Washington is a place of conflict, where opposing ideas - embodied in politicians, lobbyists, journalists and academics - struggle for ascendancy. What we forget, what Lincoln Park reminds us, is that society depends on embedded assumptions of co-operation. When we lose the social interaction that both presumes and flows from those assumptions, the community suffers.
On Saturday, Lincoln Park was full of people, as it always is on weekends and on warm evenings. A young couple nestled on a blanket. Joggers huffed around its perimeter. Countless dogs fetched and frolicked. A grey-bearded guitar player recalled the Summer of Love. A young girl wobbled past on a pink bike.
I was sitting on a step when an ancient beagle-plus-other-things hobbled over. One scratch behind the ears and down he flopped, content. A quick look over to the owner, and an exchange of smiles. Unleashed dogs are strictly prohibited in Lincoln Park. Nobody cares. The neighbourhood owns this park, whatever the government might say, and the neighbourhood thinks dogs are just fine.
Most of the people who come to Lincoln Park are white, but some are black, and that's encouraging given the legacy of segregation in this town. In Washington, in 2009, it is fair to say that whites and blacks who are middle class or higher work and live together in reasonable amity, though there is still tension between the middle and lower, mostly black, classes.
There's a small restaurant, a dry cleaner and a corner store on the park's perimeter. The corner store has a pretty good selection of wines. (Anyone who tells you that state-controlled liquor stores offer greater variety and lower prices has never lived in a city free of them.)
Because this is an old neighbourhood, built on a grid, with narrow lots, those stores are an easy walk for anyone in the neighbourhood, affording another excuse to loiter in the park, milk jug under your arm, watching the children and dogs, and feeling good about your community.
After the Second World War, politicians and planners did great damage to community.
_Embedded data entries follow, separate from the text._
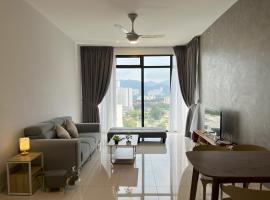 Rooftop - Sky Pool - 2BR Premium Homestay - Georgetown 城市 6 pax，位于乔治市的酒店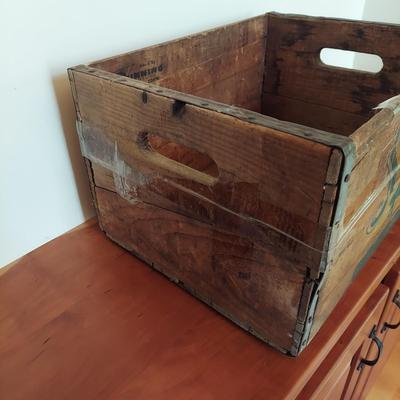 Sterling Dairy Products Wooden Crate (PC1-BBL)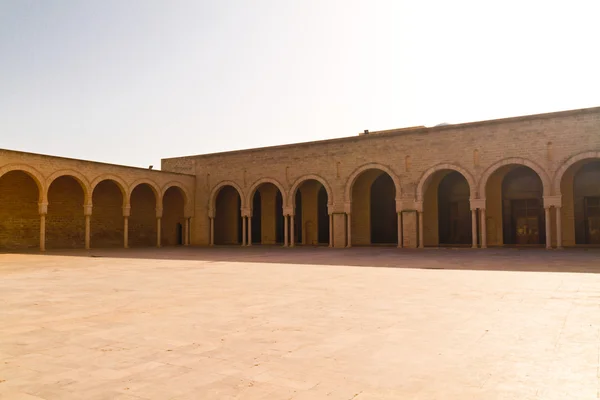マーディア、チュニジアのモスクの内部 — ストック写真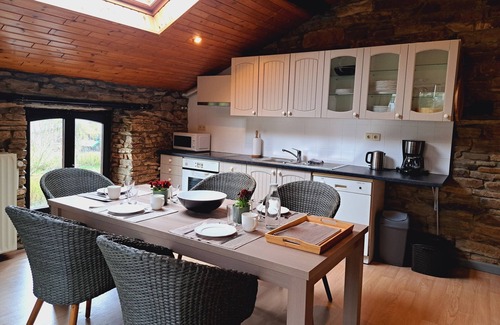Nisramont Cabaña | Le Chalet-Gîte-Baño con bañera-Vista al campo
They decided that no matter what the question was, the answer was the car. So they built suburbs with curved roads and wide lots. They flipped houses around so they faced inward, centred on their backyards, with garages stuck on the front, so people would live in their own space rather than share their street.
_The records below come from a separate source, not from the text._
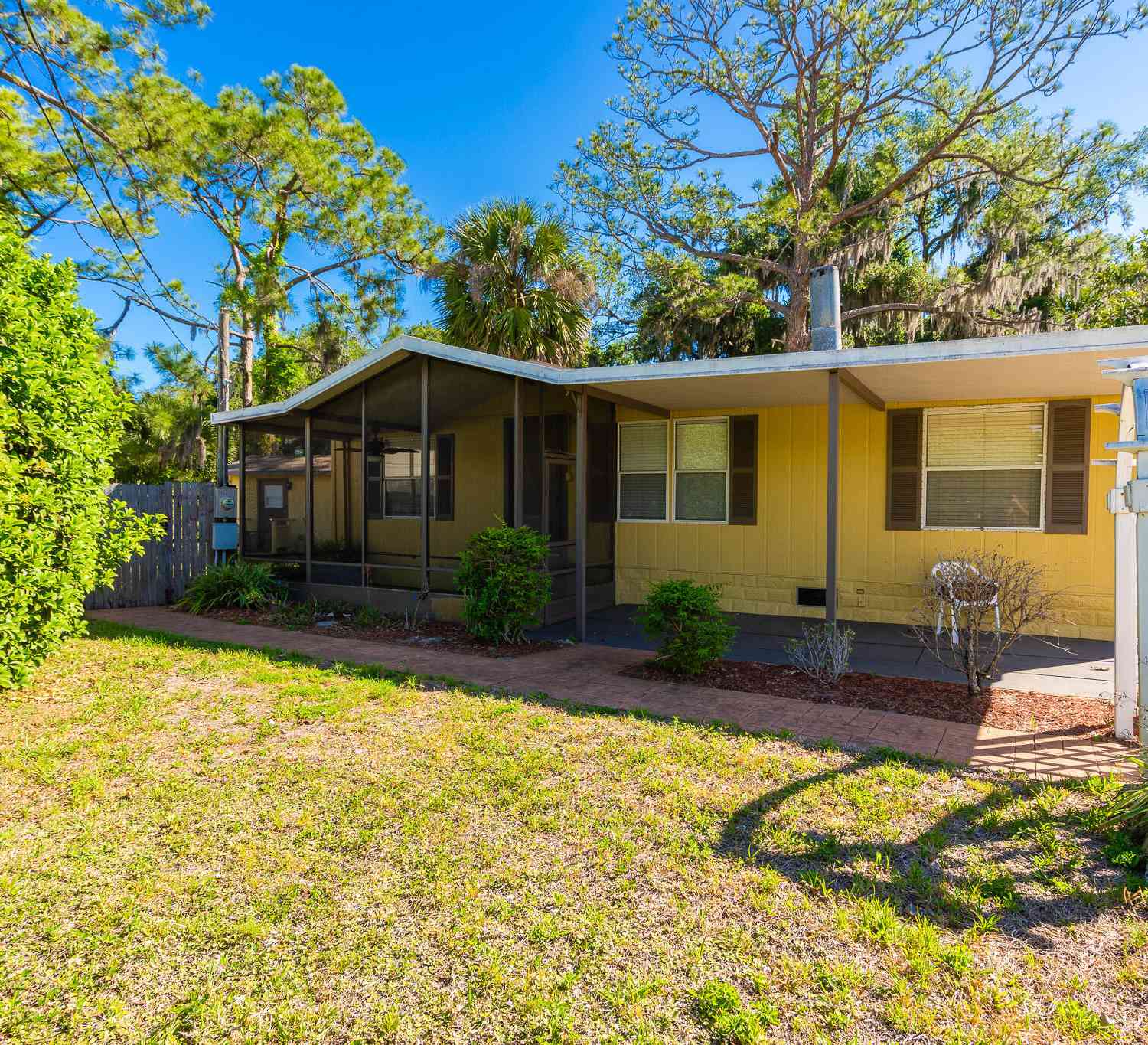 Mobile Home For Sale - 120 Niver Street<br/> Port Orange, FL 32127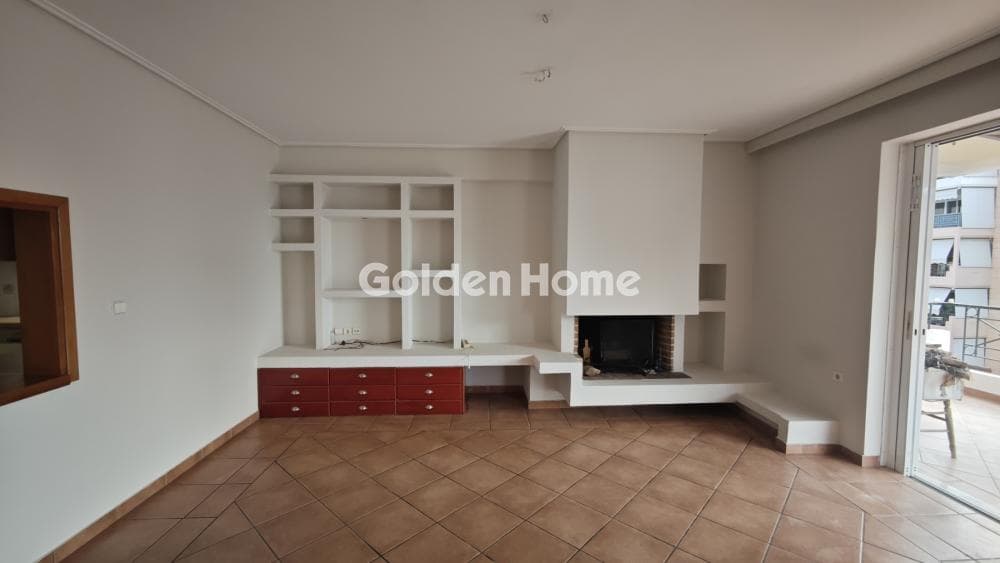 Apartment in Alsos, Nea Smyrni — Photo 5 of 40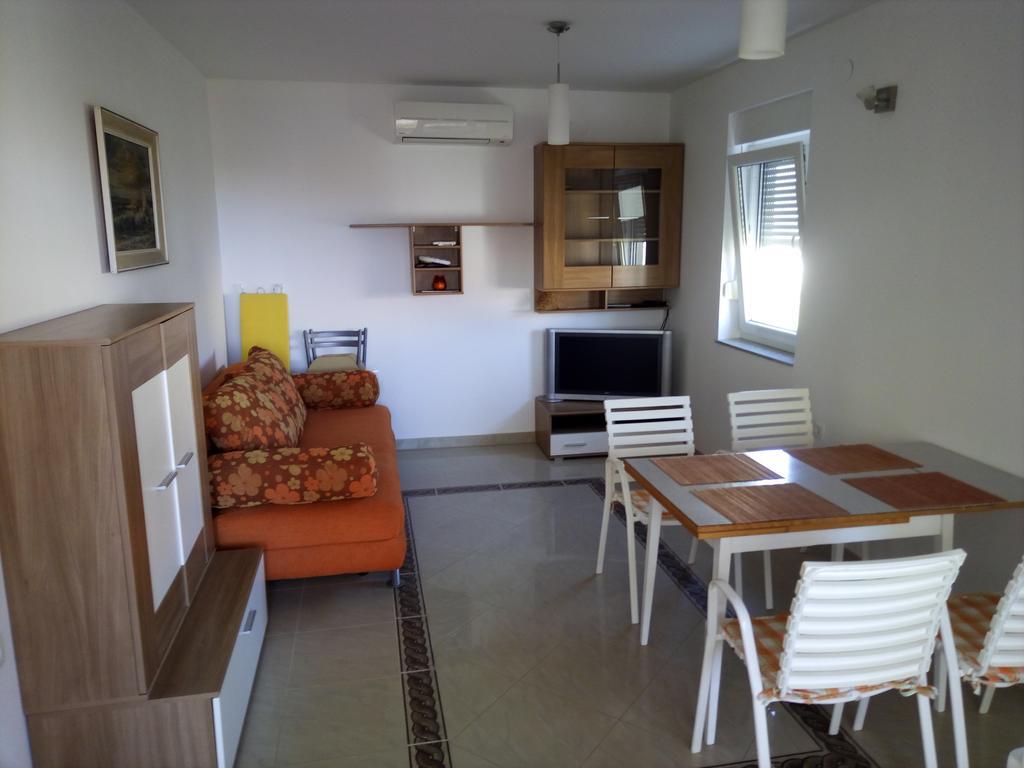 Apartments President Novalja Εξωτερικό φωτογραφία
And they imposed zoning, which rendered the corner store or restaurant illegal, forcing them into malls and plazas, which you had to drive to. There were parks, but they were pretty treeless and out of the way, and people didn't go there as much, because walking around your neighbourhood was something there was no reason to do.
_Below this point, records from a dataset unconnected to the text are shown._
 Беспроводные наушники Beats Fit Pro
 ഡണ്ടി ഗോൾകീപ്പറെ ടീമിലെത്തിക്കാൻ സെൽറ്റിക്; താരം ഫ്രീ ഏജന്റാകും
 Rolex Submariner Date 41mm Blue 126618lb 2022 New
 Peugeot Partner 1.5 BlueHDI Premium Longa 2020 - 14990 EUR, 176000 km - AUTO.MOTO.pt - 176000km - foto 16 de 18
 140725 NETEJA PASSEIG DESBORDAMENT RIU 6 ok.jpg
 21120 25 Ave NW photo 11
Many of the Gen Xers and millennials raised in these suburbs decided they would rather live anywhere but there. They have flooded back into the cities - not every city, but many of them - transforming down-and-out neighbourhoods back into the flourishing communities they were before the war.
That's why, as housing prices collapsed in the Maryland and Virginia suburbs surrounding Washington last year, and newspapers ran stories about vacant malls and desperate landlords, housing prices in D.C. held firm.
That's why so mundane a place as a neighbourhood park on a Saturday afternoon is something to celebrate. Because without community, without co-operation, nothing is worth anything.